I’m learning to use Django, and I would like to build a website to view records in a database by date (like a calendar app) in an interactive UI, i.e. the user can click buttons to seamlessly move between specific dates and see records (meetings, events, etc.) corresponding to that date. The database is quite extensive as there are records corresponding to years of data.

My first instinct was to write a javascript-powered HTML template that receives a list (converted into a JS list using appropriate Django tags/filters) of all events in the database and places them appropriately in the calendar. However, this method would probably be extremely inefficient, as it would require thousands of items to be received in the JS code and processed by the front end. So a better strategy would be to load events from the backend only for the viewed dates. How can I achieve this while maintaining the best UI experience?

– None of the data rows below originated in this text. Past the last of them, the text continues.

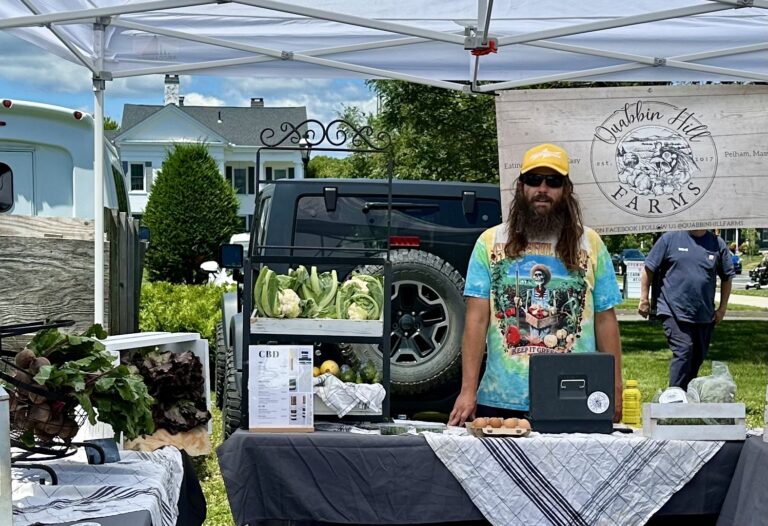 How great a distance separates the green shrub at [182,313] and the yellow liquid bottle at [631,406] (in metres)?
6.85

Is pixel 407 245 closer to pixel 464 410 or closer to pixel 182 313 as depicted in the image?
pixel 464 410

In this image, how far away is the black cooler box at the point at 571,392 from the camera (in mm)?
4023

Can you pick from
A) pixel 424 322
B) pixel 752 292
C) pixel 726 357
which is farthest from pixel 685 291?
pixel 752 292

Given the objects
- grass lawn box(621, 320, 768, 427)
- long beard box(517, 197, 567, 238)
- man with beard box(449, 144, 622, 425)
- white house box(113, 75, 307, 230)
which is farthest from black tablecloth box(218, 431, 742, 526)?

Some possibilities I had in mind:

[1] One possibility would be to encode the dates to be viewed in the URL, so that the backend can serve the required portions of the database. However, this would harm the user experience since I would not be able to code a dynamic UI with JS/CSS that provides a smooth calendar experience with animations and without page navigation.

[2] Just create a Django REST API as the backend and completely code the frontend independent from Django that makes the appropriate API calls. But maybe this is an overkill, also I ideally don’t want to make an API available for other people to scrape the data from the website.

Are there better options or best practices that I might be missing? My use case feels somehow common, so I’m curious it would typically be solved.

Hello,
If you want to work with calendar, I can suggest you to use third party plugins like full calendar as it will make things much simpler.